Is it not ironic that as we shelter in place, we’re surrounded by the familiar, yet also isolated—even entombed by distance—from loved ones, neighbors, and community? We are wondering what the future holds, and our uncertainty turns to worry and desolation because of their distance. Will our family members and friends pass away before we embrace them again? Will we feel their hands in ours, or have one more chance to feel their cheek against ours? The absence of loved ones, especially at Easter, is very trying. Yet, I imagine this must have been, in some small way, how the disciples felt after Christ was arrested, crucified, and buried.

Imagine especially how Christ’s female disciples felt. They were separated from the one human whose presence was most real, whose absence and death was most excruciating. It was Christ alone whose touch could always be trusted. He never disdained or abused their bodies or their touch. It was a woman’s tears that washed Christ’s feet and unbound hair that wiped them dry. It was also a woman’s hands who anointed his head. Hers was a priestly anointing that prepared the greatest king for his ultimate triumph—death on a Roman cross.

Distanced from perfect love, women watched Christ die an agonizing death on Friday. His body was then entombed, silenced, and distanced from their touch on Saturday. But Jesus was active in death! Descending to the dead, Christ crushed hell’s gate and rescued its captives. His was a victory over sin that stretched back to Eden, redeeming all that was lost: our harmony with God and one another. The Easter icons and murals, referred to as the Anastasis or the harrowing of hell, memorialize the greatest moment in human history—God’s triumph over sin and its consequences.

The Anastasis images celebrate Jesus’s trampling of the gates of hell to reach in and rescue Adam and Eve alive. Too weak to save themselves, their strong rescue and liberation could only come through God’s Son. Christ’s victory over our ancient enemy birthed a new creation, which like the first, was God’s work, not ours. A woman, Mary Magdalene, is the first to encounter Christ’s new creation. In fact, she represents the new world Jesus is making.

Deserted by the disciples, fearful of Roman and Jewish leaders alike, and distanced from her perfect Lord, Mary’s desolation drove her to keep vigil at the tomb.

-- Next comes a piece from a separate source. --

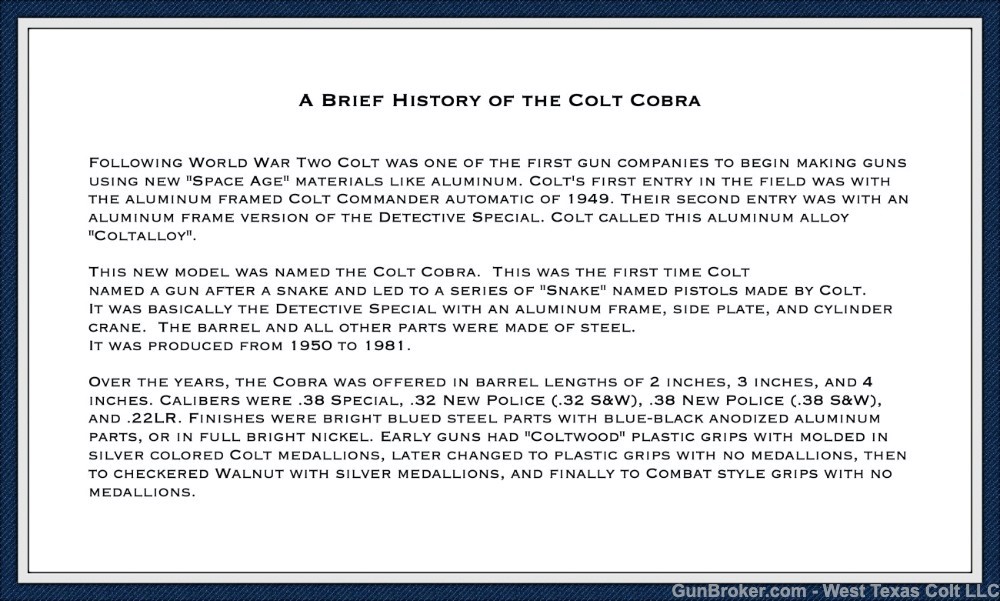 Colt Cobra Original 1975 Production Nickel 99%-img-26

Christ rewards her longing for him. His new creation meets and splashes over Mary unexpectedly. It was to Mary, a woman, that Christ first appeared. Though women were not considered reliable witnesses in the ancient world, a new creation was underway restoring what sin had crushed—women’s fullest value, dignity, and agency. Christ tells Mary, “Go to my brothers and sisters and tell them, ‘I’m going up to my Father and your Father, to my God and your God’” (John 20:17, CEB). Mary becomes the first apostle to the apostles—those who declared the risen Christ. Faithfully, Mary goes to the disciples, and her words from Jesus bring hope and comfort as they shelter in place behind closed doors. Sent to declare God’s forgiveness and reconciliation, Mary’s commission represents women’s spiritual dominion in the new creation beside men. It is an echo of Adam and Eve’s shared dominion in Eden before sin entered the world (Gen. 1:26–29).

Christ made a new creation where the old creation had failed because God’s gift in Christ is not like the curse of sin (Rom. 5:15). Male rule (Gen. 3:16), a consequence of sin, has been conquered in Christ. Mary’s Easter desolation was overcome by God’s resurrection power. It prepared her, as it prepares us, for an eternal weight of glory promised by Scripture. Christ’s unimaginable risen life is more real than any desolation we will ever know. Thus, Scripture inspires us to take courage, to be unafraid. Because like Mary, we wait expectantly not for what is temporary or seen but for what is eternal.

May the faith of Mary, the apostle to the apostles, inspire in us a faithful vigilance in our isolation. We will meet and celebrate our risen Lord on Easter beyond the tomb. We will walk in newness of life where death and oppression are overcome. He is risen. Christ has risen. Hallelujah!